== Material provided ==

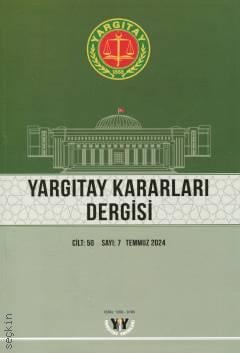 Yargıtay Kararları Dergisi Cilt: 50 Sayı: 7 Temmuz 2024 Yargıtay Yayın İşleri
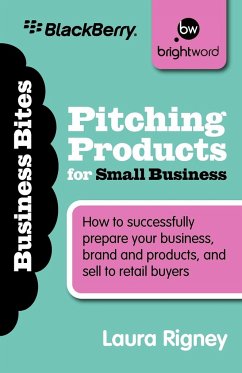 Pitching Products for Small Business - Rigney, Laura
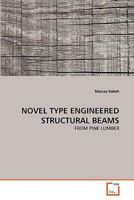 NOVEL TYPE ENGINEERED STRUCTURAL BEAMS: FROM PINE LUMBER 363921160X Book Cover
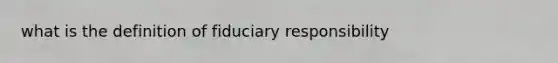 what is the definition of fiduciary responsibility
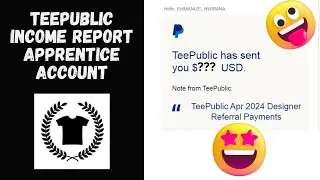 How Much Teepublic paid me as an Apprentice Account | Income report April 2024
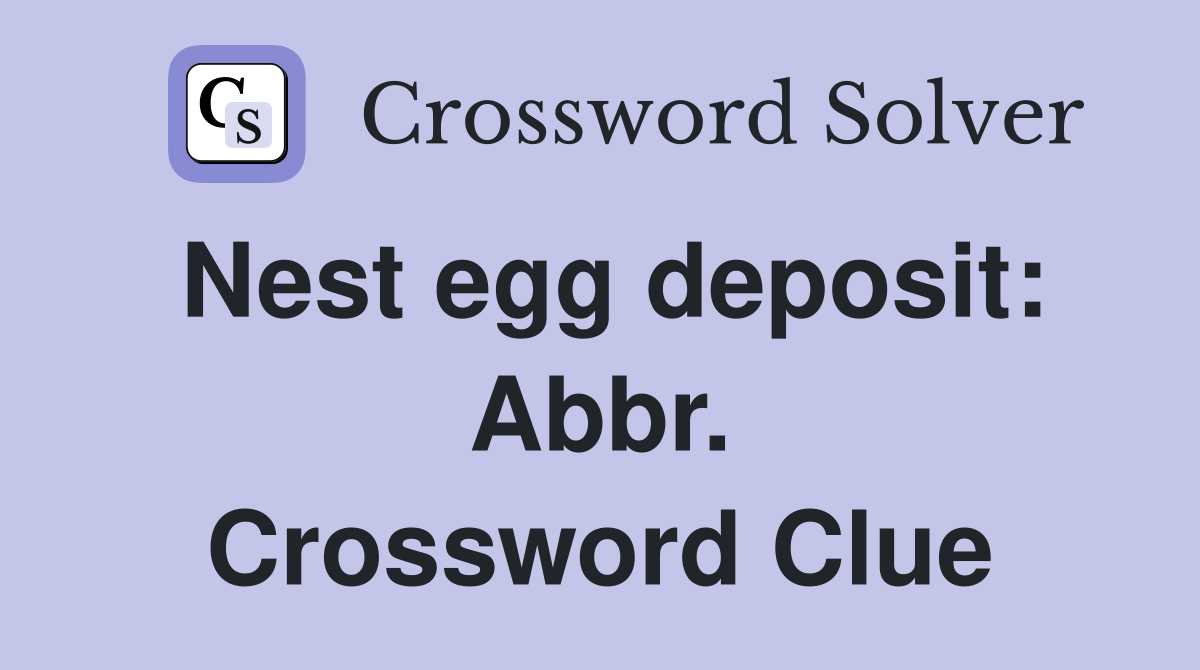 Nest egg deposit: Abbr. Crossword Clue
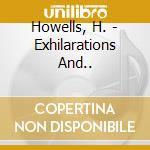 Howells, H. - Exhilarations And.. cd musicale di Howells, H.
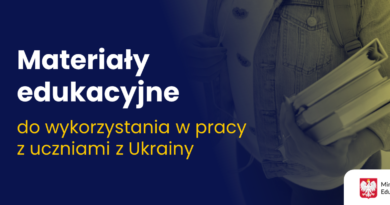 Baner informacyjny z tekstem: Materiały edukacyjne w pracy z uczniami z Ukrainy.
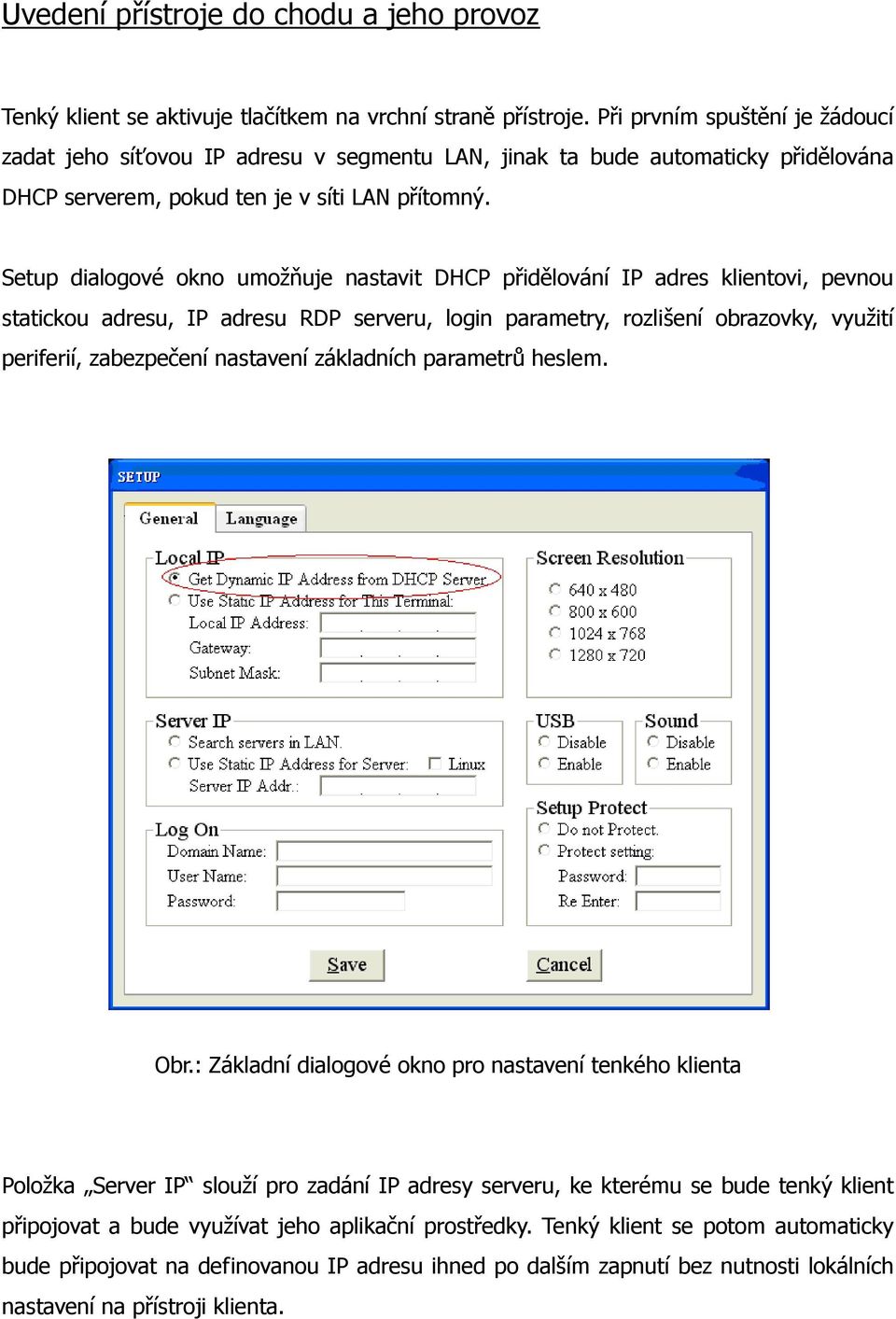 Setup dialogové okno umožňuje nastavit DHCP přidělování IP adres klientovi, pevnou statickou adresu, IP adresu RDP serveru, login parametry, rozlišení obrazovky, využití periferií, zabezpečení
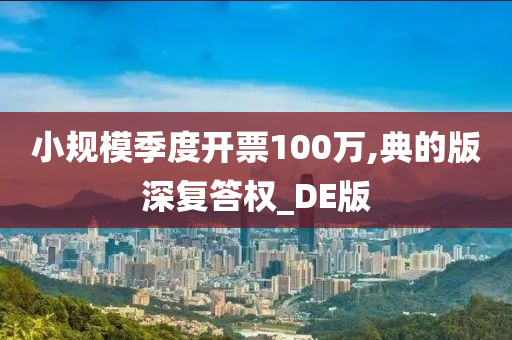 小规模季度开票100万,典的版深复答权_DE版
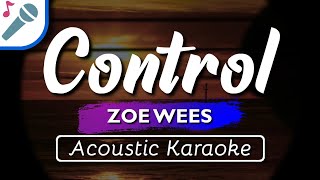 Zoe Wees  Control  Karaoke Instrumental Acoustic [upl. by Mokas]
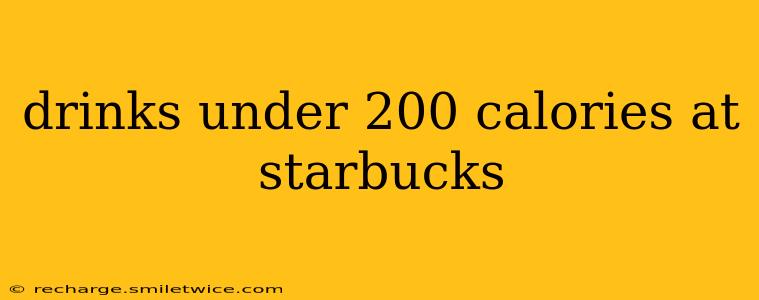 drinks under 200 calories at starbucks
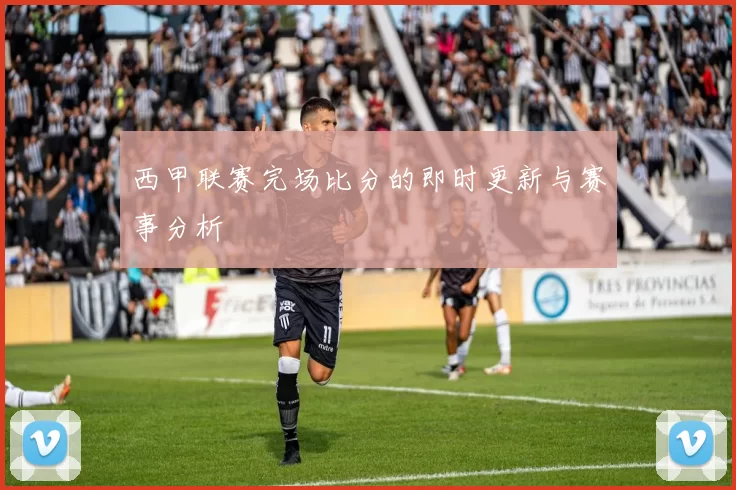 西甲联赛完场比分的即时更新与赛事分析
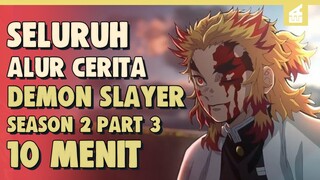 SELURUH ALUR CERITA KIMETSU NO YAIBA Season 2 Part 3 || Kematian Sang Pilar Api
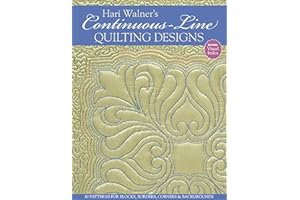 Hari Walner's Continuous-Line Quilting Designs: 80 Patterns for Blocks, Borders, Corners, & Backgrounds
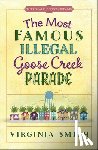 Smith, Virginia - Most Famous Illegal Goose Creek Parade: Volume 1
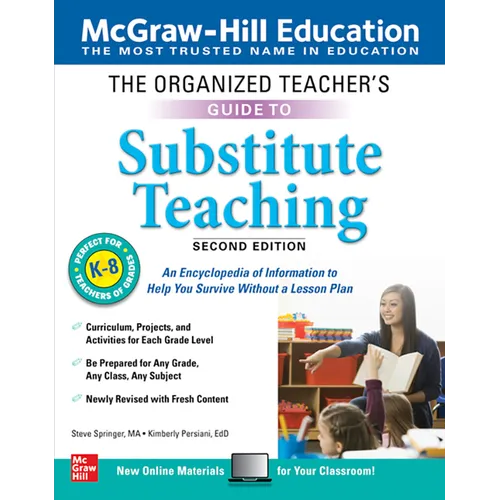 The Organized Teacher's Guide to Substitute Teaching, Grades K-8, Second Edition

== Task details ==
Reproduce the records above exactly, but only from the line with "小规模季度开票100万,典的版深复答权_DE版" up to and including the line with "SELURUH ALUR CERITA". Leave the pictures out.

== Response below ==
 小规模季度开票100万,典的版深复答权_DE版
 Zoe Wees  Control  Karaoke Instrumental Acoustic [upl. by Mokas]
 drinks under 200 calories at starbucks
 西甲联赛完场比分的即时更新与赛事分析
 SELURUH ALUR CERITA KIMETSU NO YAIBA Season 2 Part 3 || Kematian Sang Pilar Api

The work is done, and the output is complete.